Navigation and Chart work - Chart projections
Mercator projection is the method by which the curved surface of the Earth has been drawn on a flat sheet of paper. There are other projections, which you will come across, in most cases they will have little effect on the way you use the chart.
If you imagine a cylindrical screen around the Earth. Then project a line from the Earth's center, through its surface on to the screen so that the features on the surface are projected on to the screen. When this screen is opened up and rolled out flat you have the chart that we use to navigate on.
This will give you an idea of how Mercator Projection works.
With any chart projection there is some distortion created, the major consequence of Mercator projection is that the further north you travel, the divisions for latitude on the chart will become longer.
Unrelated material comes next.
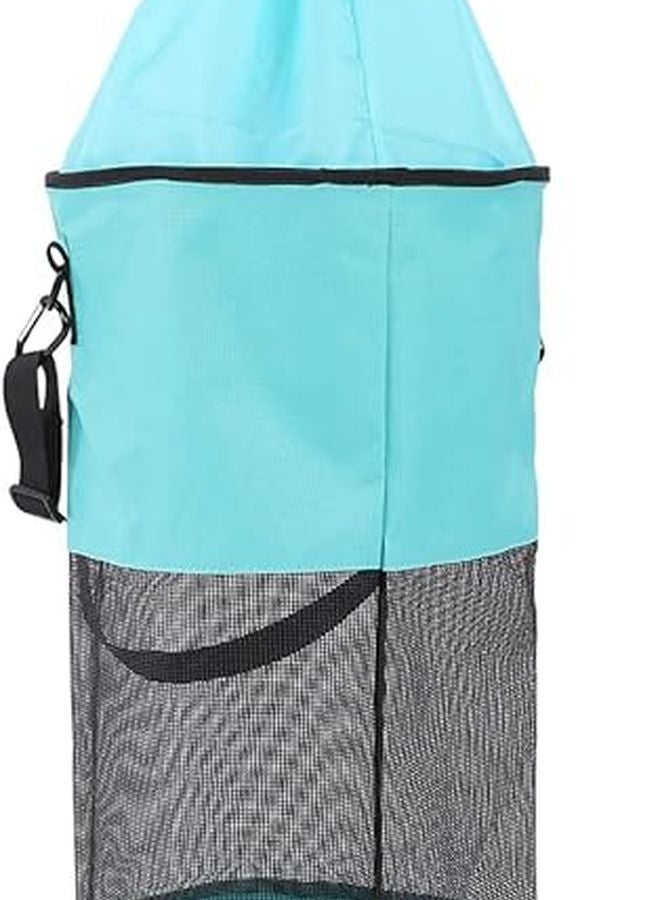 Blue Reusable Boat Trash Bag Portable Garbage Storage For Boating Camping Kayaking - Image 3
This is of little practical consequence unless you are planning passages greater than 600 miles in length.
To demonstrate this, measure the distance between the 5' and 10' marks on the bottom right hand side of Chart 1. Now go to the top right hand side of the chart and compare this distance with the 5' between 20' and 25'.
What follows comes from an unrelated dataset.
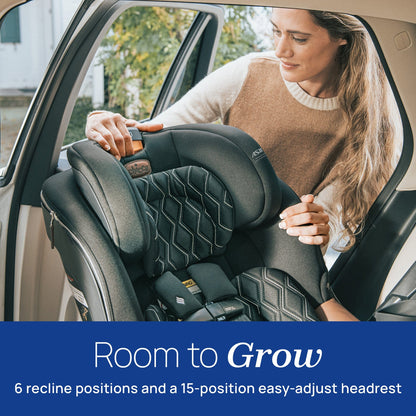 Chicco Fit360 Zip ClearTex Rotating Convertible Car Seat - Jet - 08087073510070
There should be a slight difference. That is the effect of Mercator projection. We use the latitude scale (the one on the sides of the chart) to measure distance, because 1' of latitude is the same as 1 nautical mile at that latitude. As a result, when you measure the distance between two points on the chart, you should always go to the side of the chart at the same latitude to measure the distance.
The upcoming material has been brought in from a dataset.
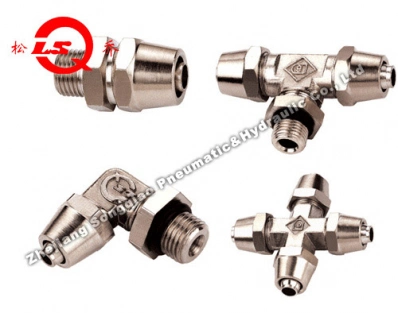 Jsm Lock Nut Type Pneumatic Fittings (BRASS)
Another common projection used on navigation charts is the Gnomonic Projection.
For a Gnomonic Projection, imagine placing a screen tangential to the Earth's surface and then project the features onto it (obviously this is done mathematically). This projection can be used in polar regions where a conventional Mercator Projection would not work, it is also used for large scale harbour plans and charts for planning ocean crossings.
On a mercator projection chart, lines of latitude are parallel as are lines of longitude.
A rhumb line course of 040° crosses each meridian (lines of longitude) at the same angle.
A rhumb line course is used in all coastal navigation. If a passage is over 600 miles it may be quicker to sail a great circle route, in practice this not always practical as winds, currents and weather systems all influence the choice of the best route.
On gnomonic projection charts, meridians converge and lines of latitude are curved.
Great circle routes are straight lines and rhumb lines are curved.
A great circle is the longest line that can be drawn around the earth. A segment of a great circle is the shortest distance between two points on the earth surface.
When planning ocean passages, small scale gmomonic charts can be used to calculate great circle routes. On longer passages, ships can save fuel by sailing the shorter great circle route.